Read in the raw data of the field.
Unpack and/or uncompress the field data if it was packed.
All of the above then allow the 2-d array data to be returned to you. In
the earlier section we called get_data() manually to do this, but
consider what is happening when you don’t do this and you try to write out
some fields to a new file. For each field being written the API first
calls get_data() to retrieve the data in the field, then it writes
the data out to the new file.
Note
Actually, it is a little more complicated than this - if the field’s data hasn’t been modified as we are about to describe and the packing settings (lbpack and bacc) of the field haven’t been changed, the data provider actually bypasses step 3 above (because there’s no point in unpacking all the data only to immediately re-pack it again!)
So with all that in mind - in order to efficiently make changes to the data
in the field you hook into this get_data() mechanism; intercepting
the data given by the field’s normal data provider and adding your own
changes. A mule.DataOperator provides a simple and re-usable
framework to do exactly this.
Defining an operator¶
Before we dive in and try to write a mule.DataOperator let’s first
quickly examine what parts make up an operator. Here’s a definition of an
operator:
import mule
class ExampleOperator(mule.DataOperator):
def __init__(self):
pass
def new_field(self, source_field):
return source_field.copy()
def transform(self, source_field, new_field):
return source_field.get_data()
This is pretty much the absolute barebones minimal example of an operator, if you carried the example through it would work, but it won’t actually have any effect on anything right now.
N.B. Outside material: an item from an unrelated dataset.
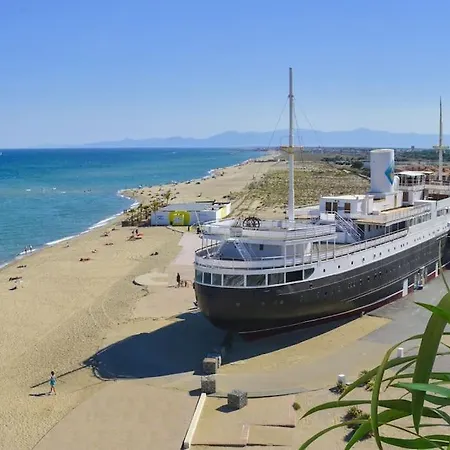 Apartmán Plage, Piscine Dans Un Style Industriel *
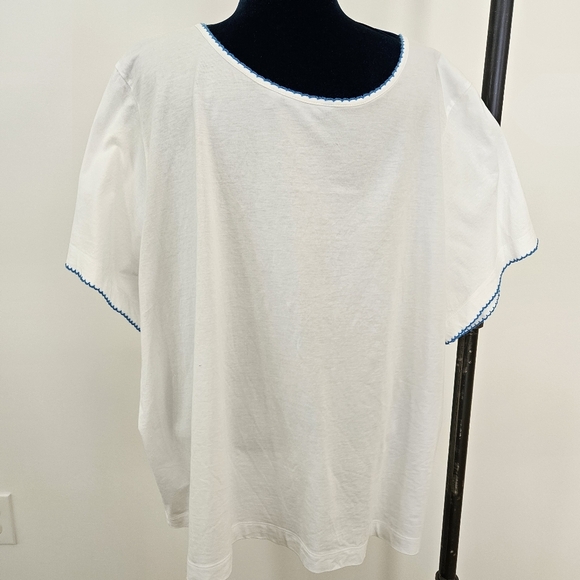 Draper James T Shirt 3X Magnolia White Tee Blue Crochet Detail Scoop Neck Cotton - Picture 12 of 13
But still, let’s take a moment to analyse what we can see above.
Firstly, the operator inherits from mule.DataOperator - this is an
important detail, as without the logic contained in this parent class the
functionality will not work. Your operator must override the 3 methods
you see here (not doing so will cause it to raise an exception when used).
Each of these methods has a special purpose.
The new_field() method¶
Let’s start with the new_field() method - when you come to use this
operator you will apply it to an existing mule.Field object. At
that point a reference to the original field object will pass through
new_field(). The method must return a new field object (as the
name implies), and in the example above it is doing so by taking an exact
copy of the original field. However in practice this is where you might
want to make changes to the lookup header that are required by the
operation, for instance:
import mule
class ExampleOperator(mule.DataOperator):
def __init__(self):
pass
def new_field(self, source_field):
field = source_field.copy()
field.lbproc += 512
return field
def transform(self, source_field, new_field):
return source_field.get_data()
Now the new_field() method is again copying the source field, but it
is incrementing the “lbproc” value of the new field by 512 before returning it
- to save you reaching for UMDP F03 this change is supposed to indicate that
the field’s data is the “square root of a field” - so if this operator were
designed to take the square root of the original data this would be a suitable
change to make here.
Warning
It is highly advisable not to modify the “source_field” argument in this routine. If you do then the original field will be modified after the call to your operator - if you aren’t being very careful this will be confusing and could lead to all sorts of problems.
The transform() method¶
This is the most important method in the operator - it is exactly the method
that will be called by the new field object (returned by the new_field()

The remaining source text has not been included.